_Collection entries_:
BEGIN
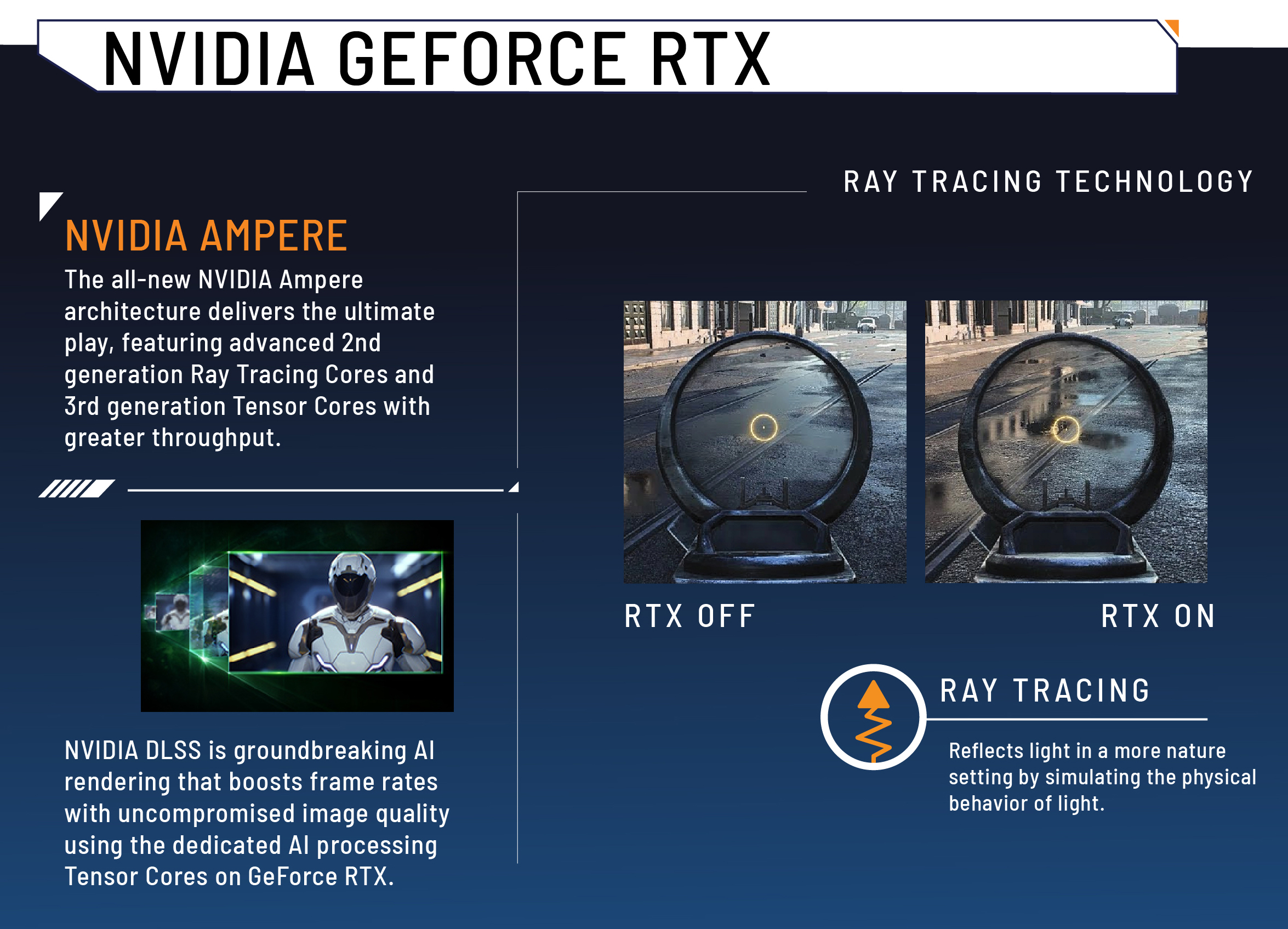 Gaming Desktop NVIDIA® GeForce RTX 3070 Thermaltake LCGS AH-370 BRAND NEW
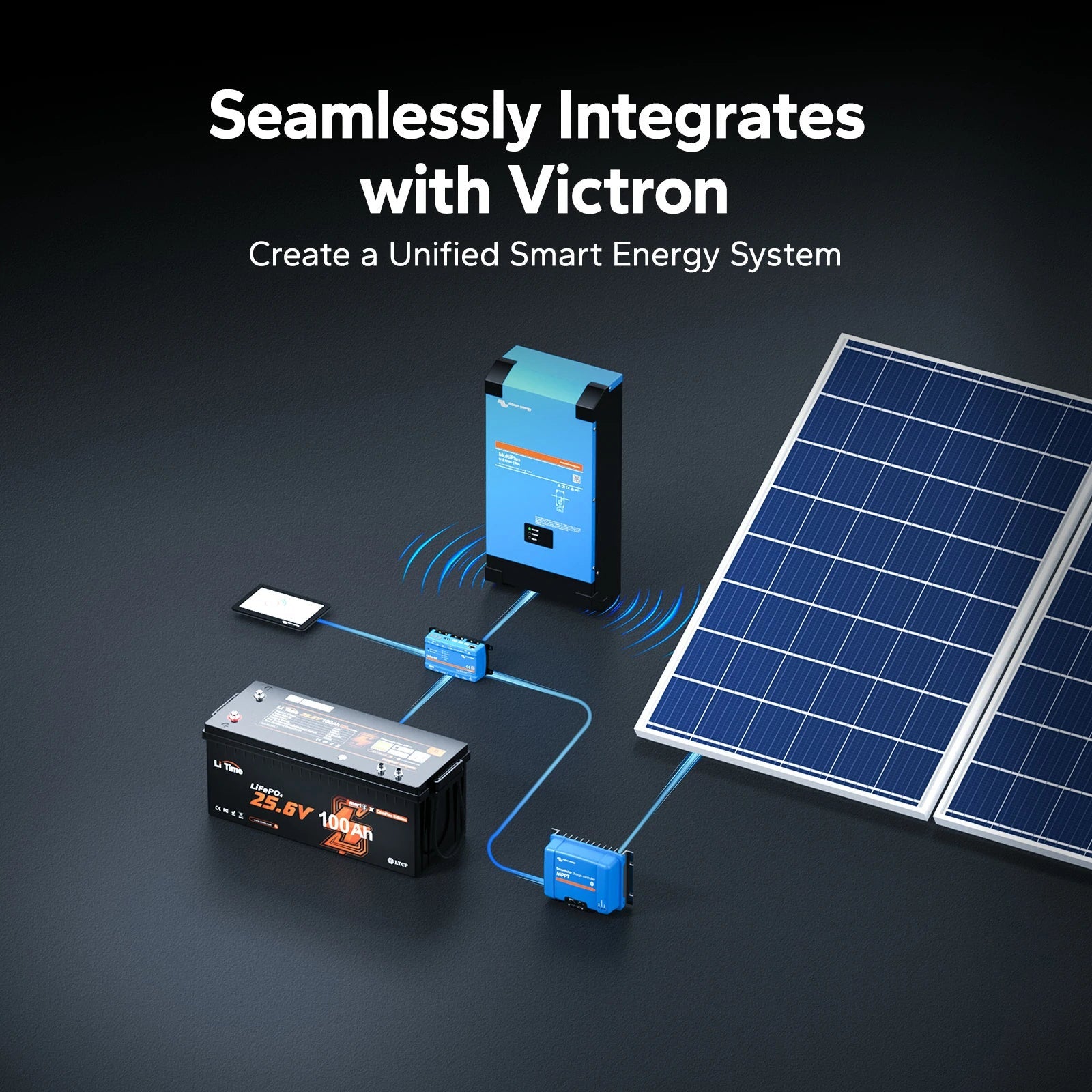 LiTime 24V 100Ah Smart LiFePO4 Lithium Battery with Bluetooth & Victron CAN Communication for RV, Marine & Off-Grid Energy Systems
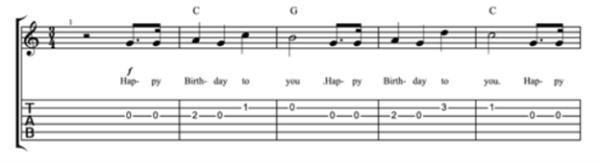 Happy Birthday music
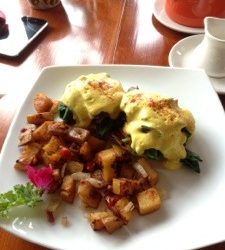 Breakfast…..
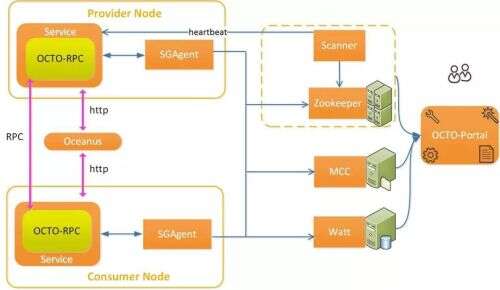 java rpc框架,JAVA現在還是學習ssh三大框架嗎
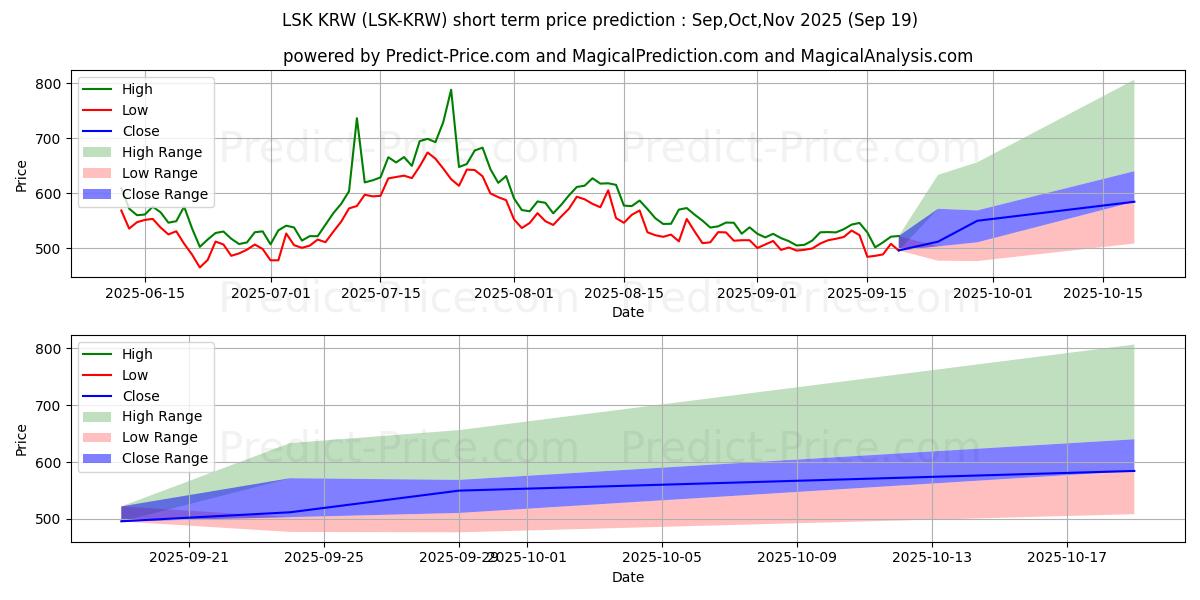 حداکثر و حداقل پیش‌بینی قیمت کوتاه مدت Lisk KRW برای Oct,Nov,Dec 2025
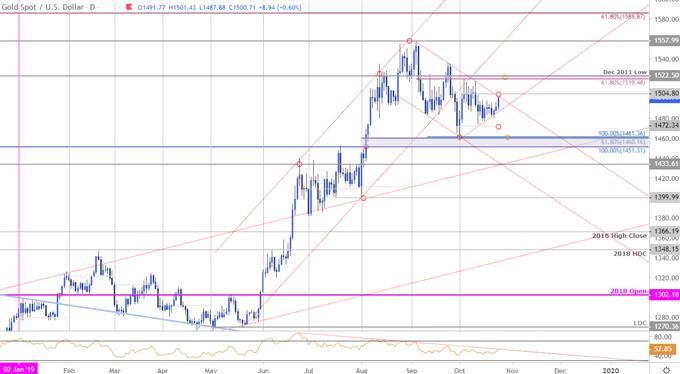 Gld Price Chart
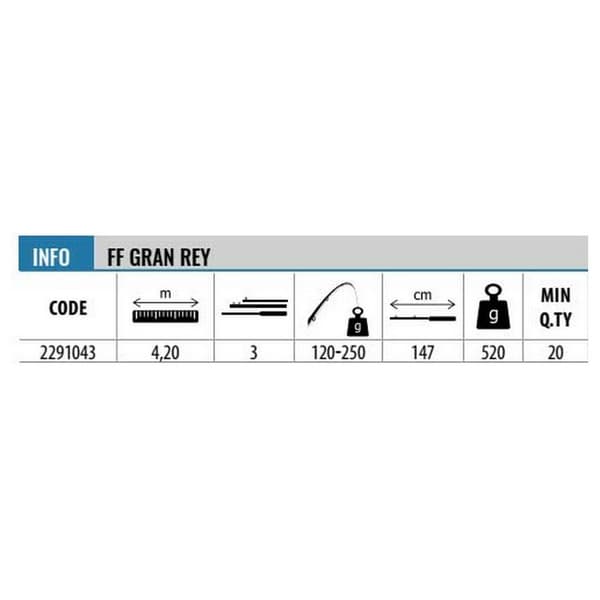 Fishing Ferrari Surfcasting Sauva Gran Rey Hopeinen 4.20 m / 120-250 g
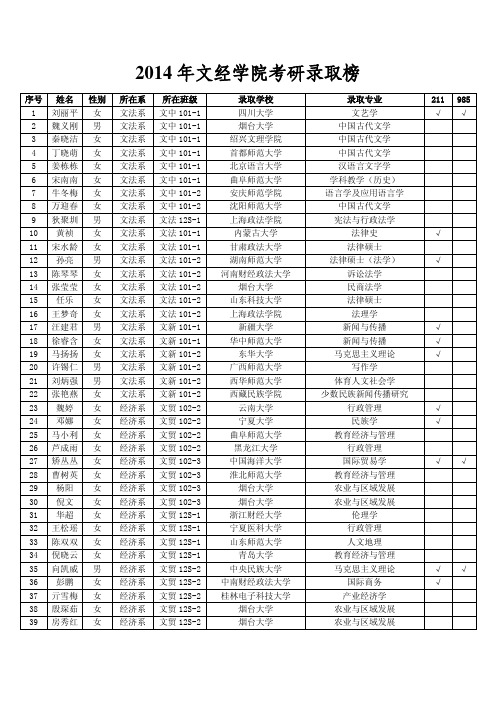 烟台大学文经学院2014考研情况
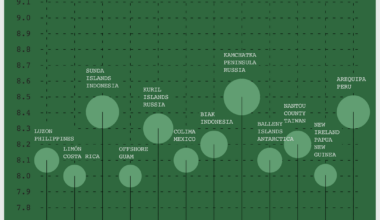 [OC] Strongest Earthquakes in the Past Three Decades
END
_Task to complete_:
With all pictures excluded, output exactly the lines from the one containing "حداکثر و حداقل" through the final line of the entries, inclusive.

_Solution to this exercise_:
 حداکثر و حداقل پیش‌بینی قیمت کوتاه مدت Lisk KRW برای Oct,Nov,Dec 2025
 Gld Price Chart
 Fishing Ferrari Surfcasting Sauva Gran Rey Hopeinen 4.20 m / 120-250 g
 烟台大学文经学院2014考研情况
 [OC] Strongest Earthquakes in the Past Three Decades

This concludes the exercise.